Saturday, June 5, 2021

Rethinking Gun Control

I became a pacifist in 1968 as a result of reading the Sermon on the Mount. Naively I thought Jesus meant what he said. I took Jesus at his word and did not understand why all Christians were not pacifists. My ethical stance was sincere enough to convince a draft board to issue me Conscientious Objector status in 1971. 

My youthful idealism moderated over the years as I came face to face with the horror of gun violence, especially the mass murder of three children in our church in Massachusetts. I knew immediately that if I had been present at the crime I would have done anything to stop the murder, including killing the shooter or die trying. While preparing the funeral for those children, I realized I was not the pacifist I thought I was.

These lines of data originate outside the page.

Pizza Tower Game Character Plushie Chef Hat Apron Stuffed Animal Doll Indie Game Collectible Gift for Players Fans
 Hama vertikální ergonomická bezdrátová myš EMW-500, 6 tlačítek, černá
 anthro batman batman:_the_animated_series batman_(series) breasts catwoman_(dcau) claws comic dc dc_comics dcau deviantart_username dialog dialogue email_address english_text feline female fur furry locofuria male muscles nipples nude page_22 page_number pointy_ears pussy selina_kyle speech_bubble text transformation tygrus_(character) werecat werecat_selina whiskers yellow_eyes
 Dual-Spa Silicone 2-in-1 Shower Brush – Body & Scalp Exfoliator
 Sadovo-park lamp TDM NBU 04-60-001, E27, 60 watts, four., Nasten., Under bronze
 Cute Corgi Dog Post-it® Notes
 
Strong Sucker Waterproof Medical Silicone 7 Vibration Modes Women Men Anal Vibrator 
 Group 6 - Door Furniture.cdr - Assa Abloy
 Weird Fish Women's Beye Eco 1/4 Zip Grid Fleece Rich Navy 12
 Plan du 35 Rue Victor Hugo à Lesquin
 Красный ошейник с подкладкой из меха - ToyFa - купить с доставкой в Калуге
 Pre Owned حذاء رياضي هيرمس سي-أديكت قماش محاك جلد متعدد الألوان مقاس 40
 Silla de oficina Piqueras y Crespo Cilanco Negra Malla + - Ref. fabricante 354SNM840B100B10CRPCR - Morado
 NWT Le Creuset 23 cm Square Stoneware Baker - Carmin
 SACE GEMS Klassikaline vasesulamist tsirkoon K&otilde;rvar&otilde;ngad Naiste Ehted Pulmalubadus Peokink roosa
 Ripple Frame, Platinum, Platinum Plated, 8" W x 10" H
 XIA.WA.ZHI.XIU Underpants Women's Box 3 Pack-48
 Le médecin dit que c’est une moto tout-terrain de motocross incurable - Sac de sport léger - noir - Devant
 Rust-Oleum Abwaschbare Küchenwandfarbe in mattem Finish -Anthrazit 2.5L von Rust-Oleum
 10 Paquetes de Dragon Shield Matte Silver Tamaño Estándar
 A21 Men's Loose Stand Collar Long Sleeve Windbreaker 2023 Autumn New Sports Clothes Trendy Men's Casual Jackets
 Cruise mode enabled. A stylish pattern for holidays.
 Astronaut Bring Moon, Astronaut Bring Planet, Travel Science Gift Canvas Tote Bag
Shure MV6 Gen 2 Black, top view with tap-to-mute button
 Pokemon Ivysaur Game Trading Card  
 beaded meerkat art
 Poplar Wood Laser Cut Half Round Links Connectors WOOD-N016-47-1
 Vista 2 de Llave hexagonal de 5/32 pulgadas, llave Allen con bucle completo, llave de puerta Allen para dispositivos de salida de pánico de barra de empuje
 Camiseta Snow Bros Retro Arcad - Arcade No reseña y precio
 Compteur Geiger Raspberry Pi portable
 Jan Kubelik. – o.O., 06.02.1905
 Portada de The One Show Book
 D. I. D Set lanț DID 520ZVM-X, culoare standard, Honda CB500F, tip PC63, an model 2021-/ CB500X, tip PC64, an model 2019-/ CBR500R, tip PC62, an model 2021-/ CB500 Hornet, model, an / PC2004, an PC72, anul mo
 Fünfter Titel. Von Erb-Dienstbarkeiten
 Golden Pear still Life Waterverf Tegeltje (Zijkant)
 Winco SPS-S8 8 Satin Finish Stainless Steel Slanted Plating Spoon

Consequently I reread 20th century Christian theologians’ response to Fascism. I pondered anew Reinhold Niebuhr’s Christian Realism. I came to understood why Dietrich Bonhoeffer decided to become part of a plot to assassinate Hitler. I embraced Just War theory. Yet I have always refused to explain away Jesus’ nonviolent ethic of the Sermon on the Mount with clever hermeneutics. I live in the tension between the words of Jesus and trying to stop evil.

In a similar fashion I have long advocated gun control. Not the banishment of all firearms but careful regulation of them. I learned to handle a firearm when I was ten years old, and I was a riflery instructor during my teen years at a summer camp in New Hampshire.  I know how to use a gun. It was only a few years ago that I was deer-hunting in Pennsylvania.

I am a supporter of the second amendment. But I do not think that the second amendment was intended to allow mass murderers access to semi-automatic weapons so they could kill children more efficiently. I also believe that followers of Christ are called to a higher standard than the US Constitution – namely the New Testament teachings of Jesus.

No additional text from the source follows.